As filed with the Securities and Exchange Commission on December 19, 2022

Registration No. 333-       

 

UNITED STATES
SECURITIES AND EXCHANGE COMMISSION

WASHINGTON, D.C. 20549

 

FORM S-8

REGISTRATION STATEMENT
UNDER
THE SECURITIES ACT OF 1933

 

AFYA LIMITED

(Exact Name of Registrant as Specified in Its Charter)

 

The Cayman Islands
(State or Other Jurisdiction of
Incorporation or Organization)
N/A
(I.R.S. Employer
Identification No.)
   

Alameda Oscar Niemeyer, No. 119, Sala 504, Zip Code 34.006-056

Vila da Serra, Nova Lima, Minas Gerais, Brazil

+55 (31) 3515 7550
(Address, including zip code, and telephone number, including area code, of Registrant’s principal executive offices)

 

Amended and Restated Stock Option Plan of Afya Limited
(Full Title of the Plan)

 

Cogency Global Inc.

122 East 42nd Street, 18th Floor

New York, NY 10168

+1 (212) 947-7200

 


(Name, address and telephone number,
including area code, of agent for service)

 

Indicate by check mark whether the registrant is a large accelerated filer, an accelerated filer, a non-accelerated filer, a smaller reporting company or an emerging growth company.

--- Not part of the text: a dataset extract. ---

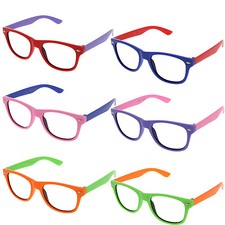 Small KIDS SIZE Retro Frame Clear Lens Glasses NERD Classic Costume Boys Girls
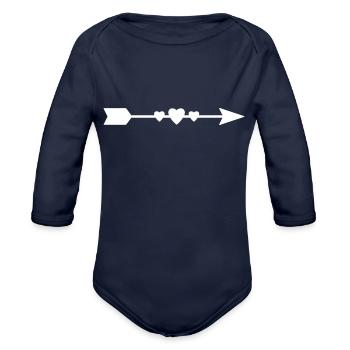 Arrow with hearts - Organic Long Sleeve Baby Bodysuit - dark navy - Front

See the definitions of “large accelerated filer,” “accelerated filer,” “smaller reporting company” and “emerging growth company” in Rule 12b-2 of the Exchange Act.

 

Large accelerated filer Accelerated filer
Non-accelerated filer  (Do not check if a smaller reporting company) Smaller reporting company
  Emerging Growth Company

 

If an emerging growth company, indicate by check mark if the registrant has elected not to use the extended transition period for complying with any new or revised financial accounting standards provided pursuant to Section 7(a)(2)(B) of the Securities Act. ☐

 

 

 

EXPLANATORY NOTE

 

This Registration Statement has been prepared and filed pursuant to and in accordance with the requirements of General Instruction E to Form S-8 for the purpose of registering an additional 2,570,984 Class A Common Shares, nominal value US $0.00005 per common share (“Common Shares”), of Afya Limited (the “Registrant”) that are issuable at any time or from time to time under the Amended and Restated Stock Option Plan of Afya Limited, as amended and restated on July 8, 2022 (the “Plan”), and any additional Common Shares that become issuable under the Plan by reason of any stock dividend, stock split, or other similar transaction pursuant to Rule 416(a) under the Securities Act of 1933, as amended (the “Securities Act”).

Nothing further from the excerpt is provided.